Sebelumnya Amerika selalu ngotot pasukan Suriah yang menggunakan senjata kimia yang juga mendorong Amerika meluncurkan serangan dengan rudal Tomahawk ke pangkalan Suriah yang dituduh sebagai tempat pemberangkatan senjata kimia yang.
Juru Bicara Kementerian Pertahanan Rusia Mayor Jenderal Igor Konashenkov pada Jumat mengatakan pihaknya telah mendapat dokumen Kementerian Luar Negeri Amerika yang menyebutkan rincian serangan kelompok teror bernama Hayat Tahrir al-Sham yang berafiliasi dengan Jabhat al-Nusra.
Kelompok ini menggunakan senjata ringan dan berat, alat peledak improvisasi dan senjata kimia. “Saya ingin menunjukkan bahwa Kementerian Luar Negeri Amerika untuk pertama kalinya secara resmi mengakui bahwa teroris Jabhat al-Nusra tidak hanya memiliki tapi juga – saya ingin menekankan bahwa – menggunakan senjata kimia di bagian Suriah untuk melakukan serangab, hal yang berkali-kali kita peringatkan dan bicarakan di berbagai tingkatan, ” kata Konashenkov sebagaimana dilaporkan Kantor Berita TASS.
Dia juga mengatakan tuduhan Amerika tentang pemboman Idlib tidak benar karena Angkatan Udara Rusia tidak pernah menargetkan daerah padat penduduk.
Departemen Luar Negeri Amerika mengatakan sebelumnya bahwa pesawat Rusia dan Suriah terus memberikan serangan udara di provinsi Idlib, yang telah mengakibatkan banyak korban di antara warga sipil dan petugas medis.
“Mengenai pemboman Idlib yang diduga dilakukan oleh pesawat Rusia, Kementerian Luar Negeri Amerika telah disesatkan.

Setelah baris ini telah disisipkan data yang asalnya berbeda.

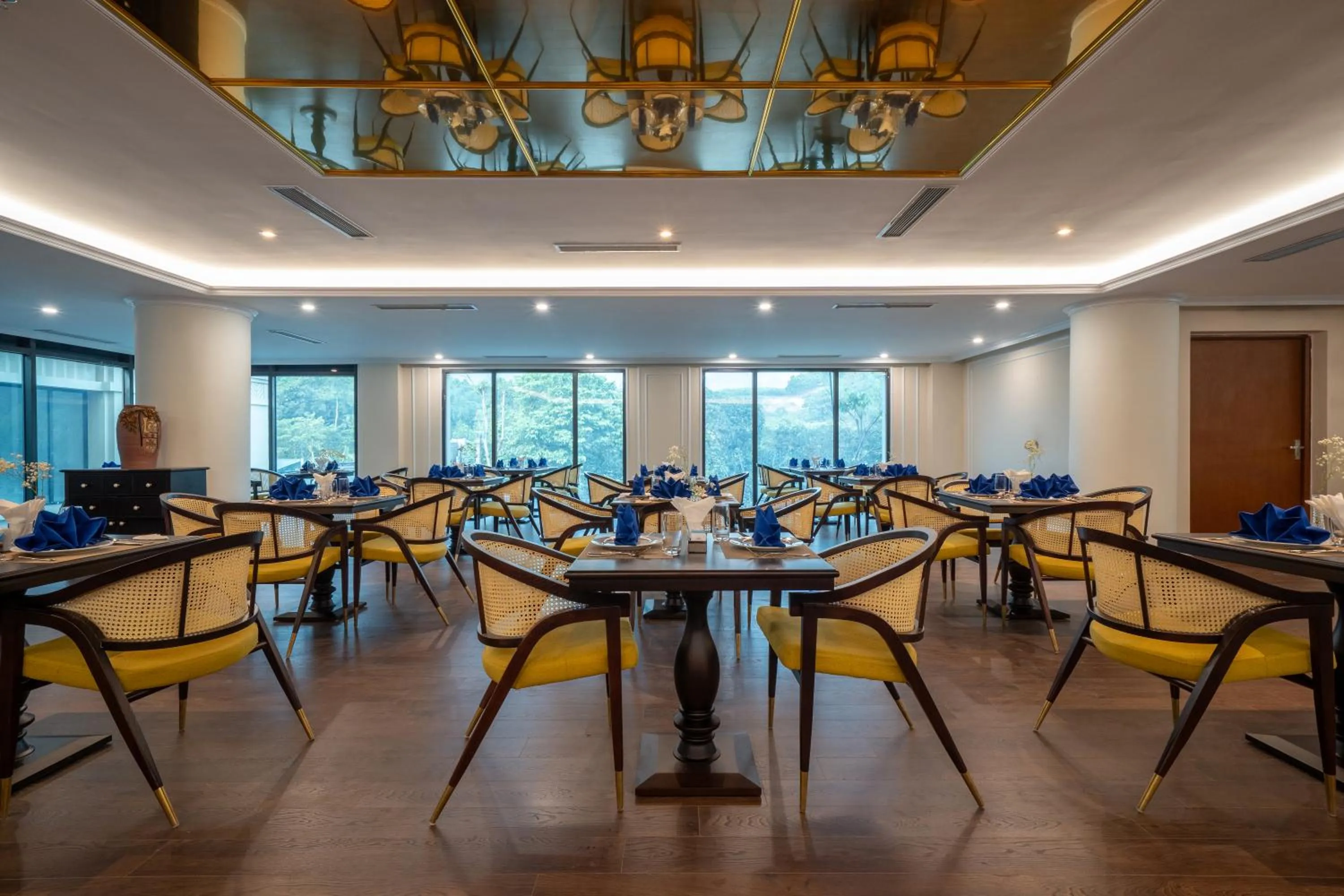 Restaurant/places to eat in Venusgiti Hot Spring Resort & Spa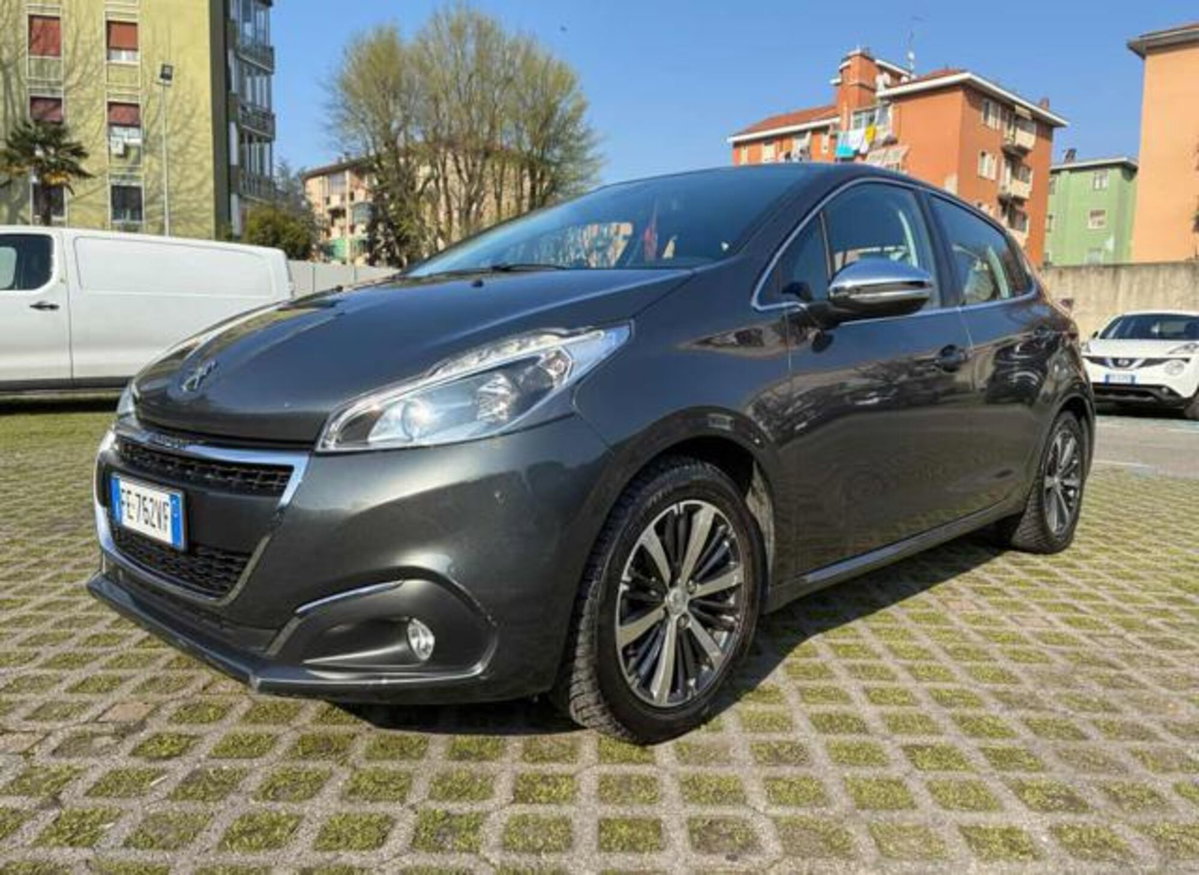 Peugeot 208 82 5 porte Allure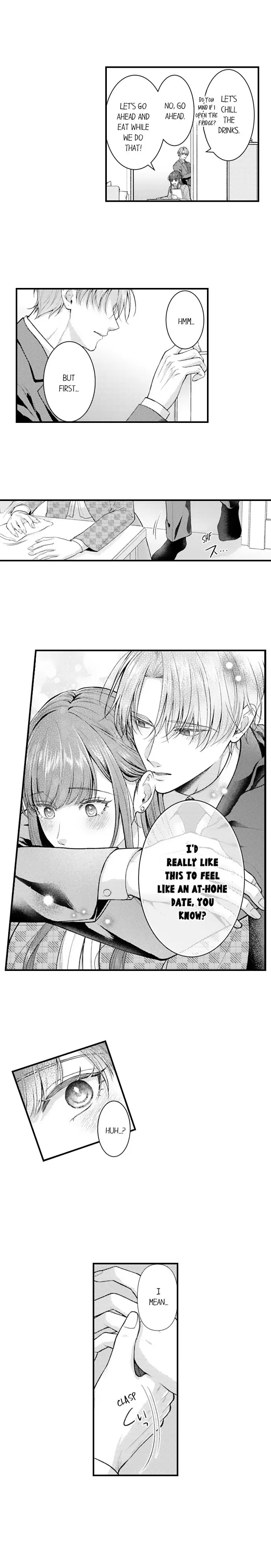 I Just Can't Quit My Ex Chapter 68 Page 3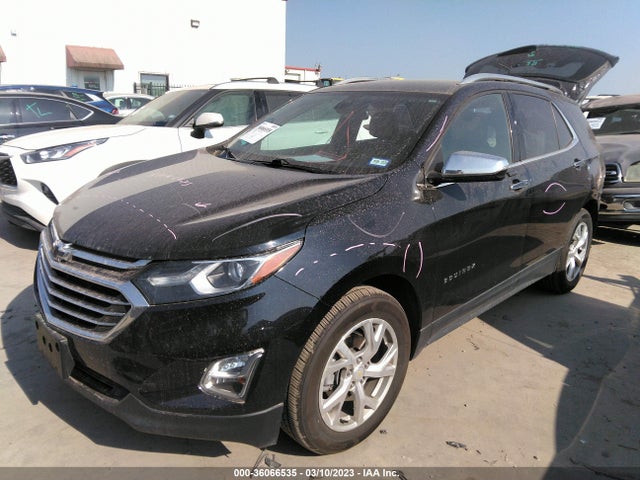 Chevrolet Equinox Premier 2020 2GNAXXEV5L6142506 Image 2
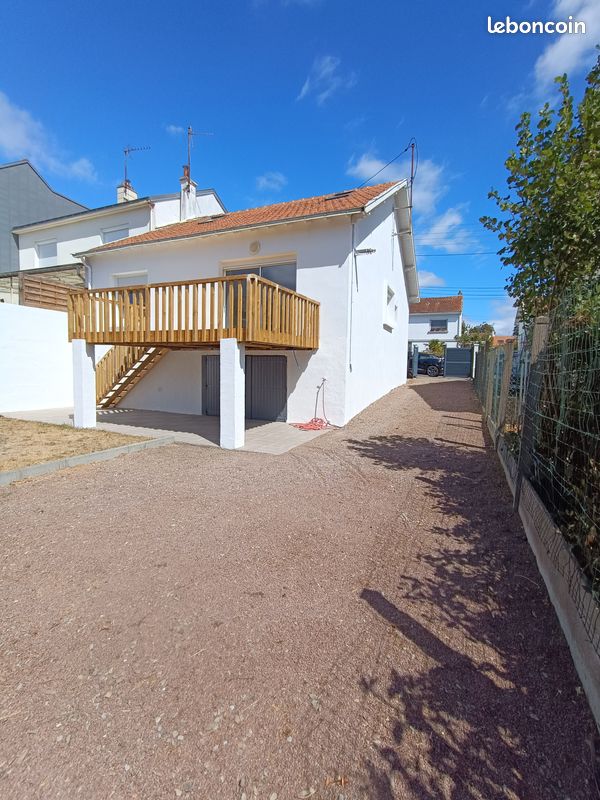 Maison 6 pièces 118 m² · à Saint-Herblain · 118 m² · 1 580 €/mois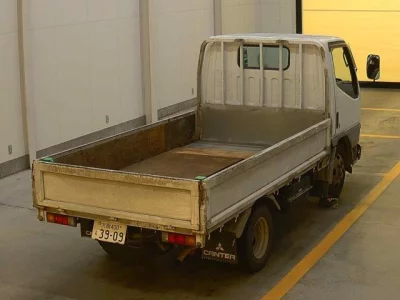 Mitsubishi CANTER  с аукциона в Японии
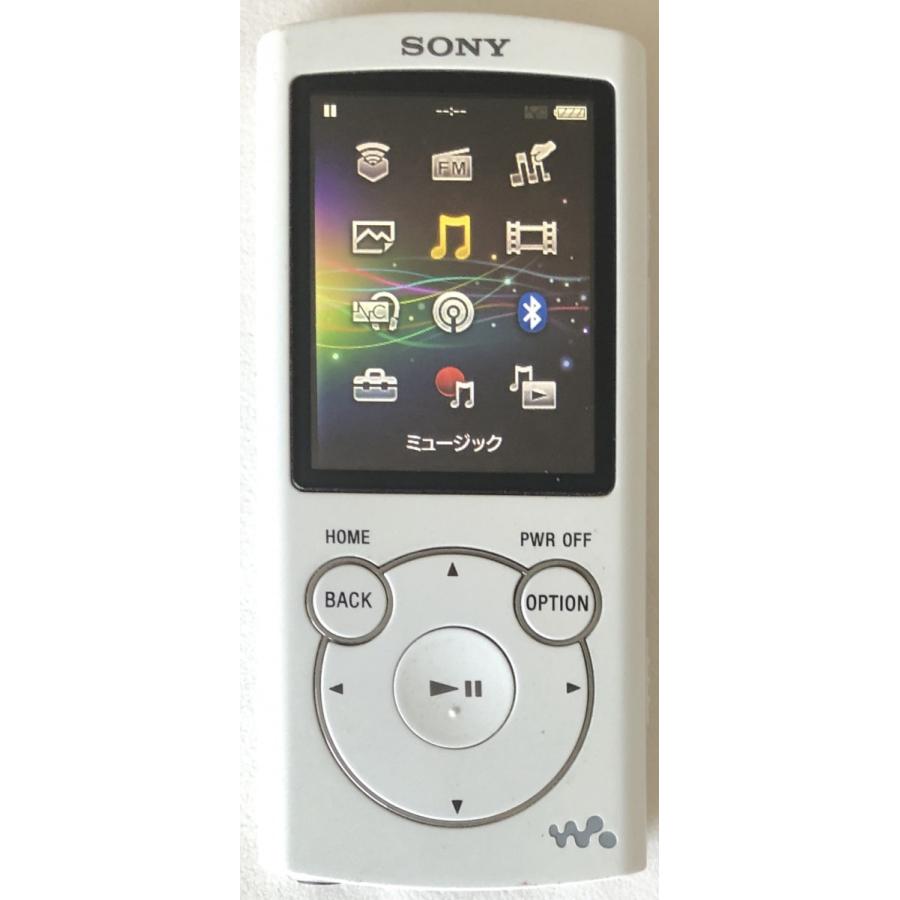 WALKMAN SONY Walkman（ソニーウォークマン）Sシリーズ、NW-S765（16GB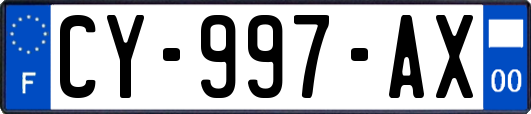 CY-997-AX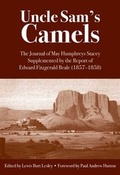 Cover: Uncle Sam's Camels - Huntington Library Press,US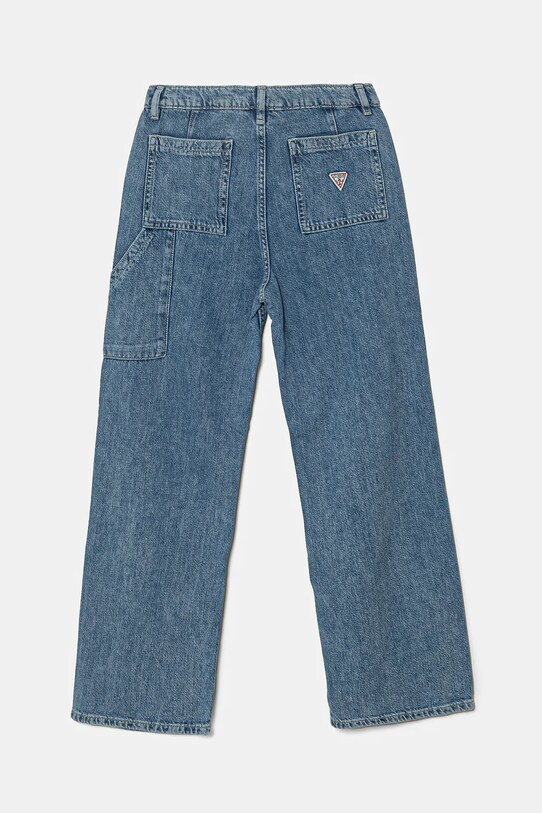 Παιδικά τζιν Guess J5RA03.D5BV0.PPYA μπλε SS25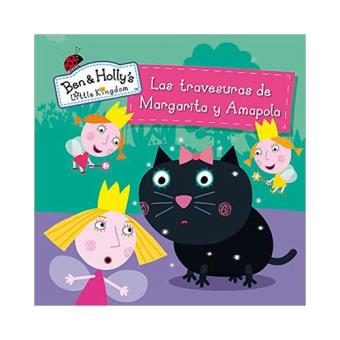 Ben & Holly: Las travesuras de Margarita y Amapola - 1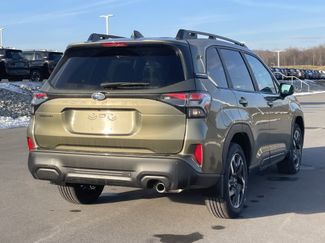 New 2026 Subaru Forester Limited video 3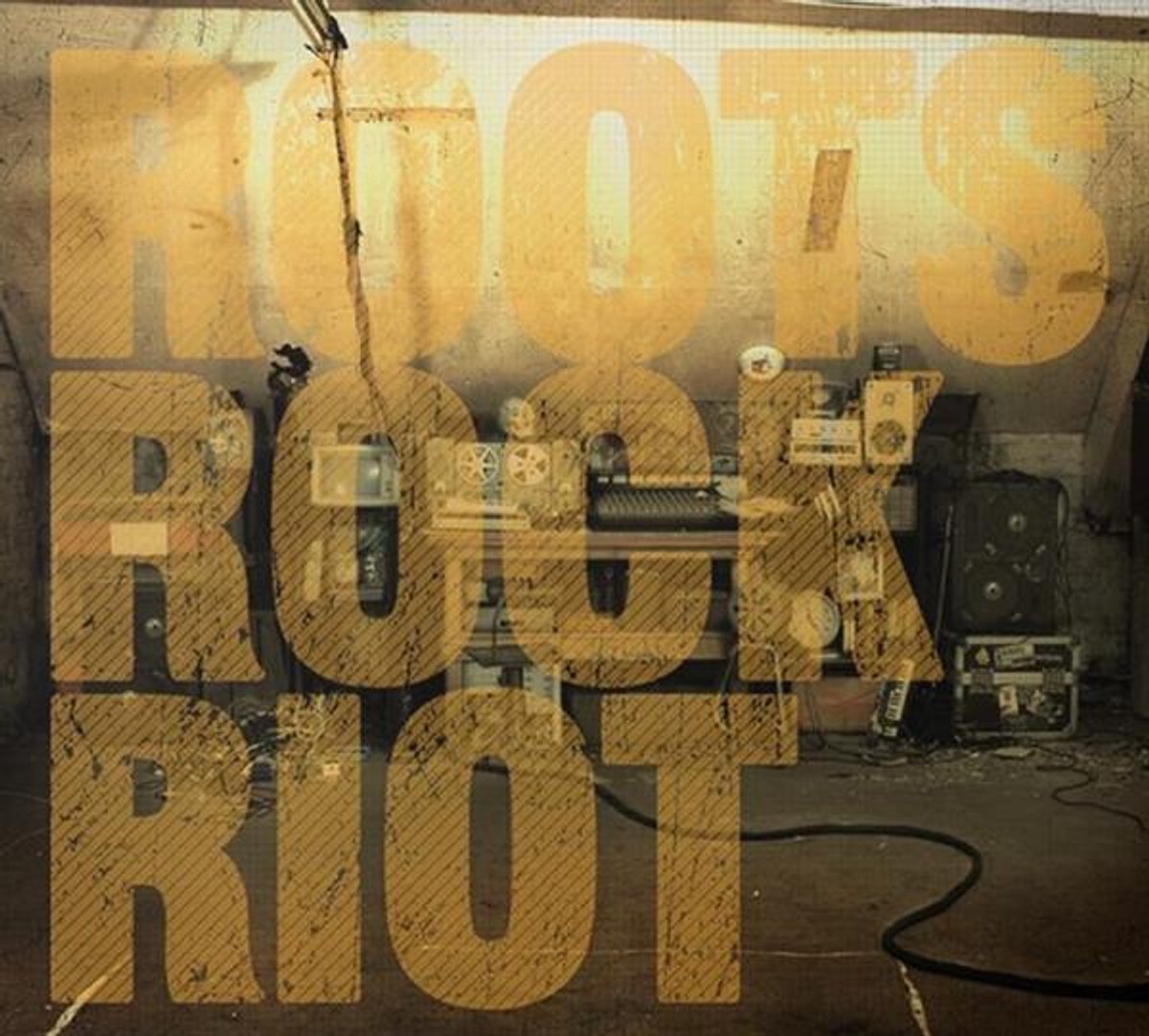 Roots Rock Riot (Coloured Vinyl)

Pesawat tempur Rusia yang aktif di Suriah tidak pernah menargetkan daerah berpenduduk padat, tidak seperti koalisi pimpinan Amerika yang telah mencapai kemenangan di Raqqa dengan menyapu kota,” tambah jenderal Rusia tersebut.
Pada 17 Oktober, militer Amerika mengatakan bahwa sekitar 90% kota Raqqa di Suriah telah direbut dari kelompok ISIS. Pada saat yang sama, Juru Bicara PBB Stephane Dujarric mengatakan bahwa menurut PBB akibat pertempuran yang terjadi sebagian besar Raqqa hancur, sementara personil PBB tidak dapat mencapai akses ke kota untuk menilai situasi dan memberikan bantuan kemanusiaan.